# Gym Attire for Women



## Pantobabe (Dec 3, 2013)

Hello everyone,

Just wondering whether you can help me- I'm moving over to Dubai and I am a very keen gym goer. I've heard some stories that women in the gym have to have both their legs and shoulders covered whilst at the gym (I.e tshirts and leggings) could someone help confirm if this is true, or wether it is acceptable to wear shorts and tank tops also?
Thanks for your help


----------



## BedouGirl (Sep 15, 2011)

Pantobabe said:


> Hello everyone, Just wondering whether you can help me- I'm moving over to Dubai and I am a very keen gym goer. I've heard some stories that women in the gym have to have both their legs and shoulders covered whilst at the gym (I.e tshirts and leggings) could someone help confirm if this is true, or wether it is acceptable to wear shorts and tank tops also? Thanks for your help


Gym wear for women here is no different to anywhere else.


----------



## Pantobabe (Dec 3, 2013)

BedouGirl said:


> Gym wear for women here is no different to anywhere else.


Excellent, just what I wanted to hear. Thanks!


----------



## Vesper007 (Mar 31, 2014)

Yup, agree with BedouGirl. Also, some gyms have a "ladies only" gym located in the female locker room. It is usually those gyms where you find local ladies that follow a more modest style when working out.
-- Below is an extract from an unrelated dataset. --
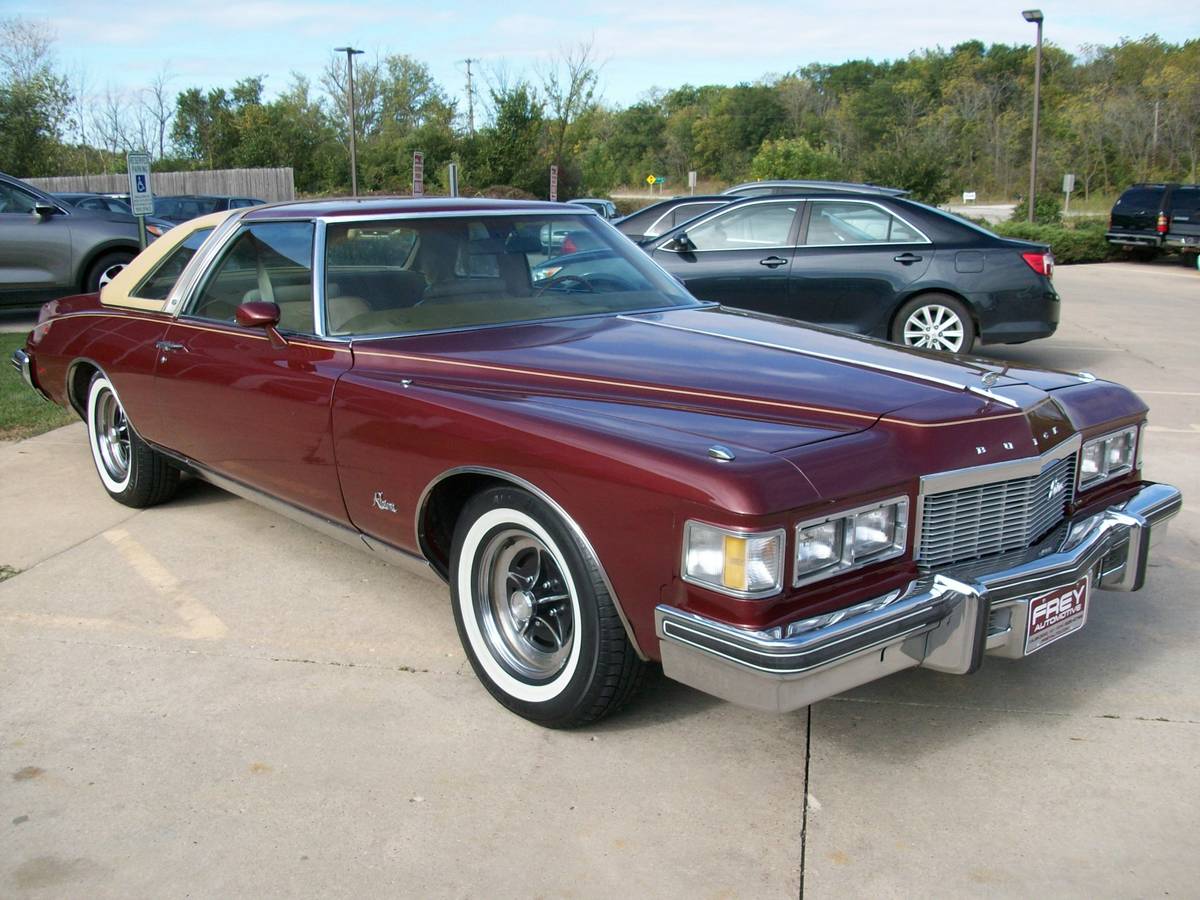 Buick-riviera-coupe-1976-red-3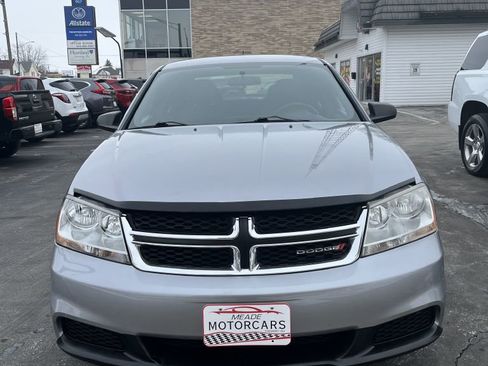 Used 2013 Dodge Avenger SE image 1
However, I've gone into those too in shorts and a tank top and nothing wrong.


----------



## BringBackBuck8 (Sep 20, 2013)

I see no difference from the UK to the gyms here; if anything I think the women at my gym back home dressed with greater modesty.


----------



## Ogri750 (Feb 14, 2008)

There is a woman at the gym I use that wears less to the gym than my wife does to bed.

That is a comment, not a complaint


----------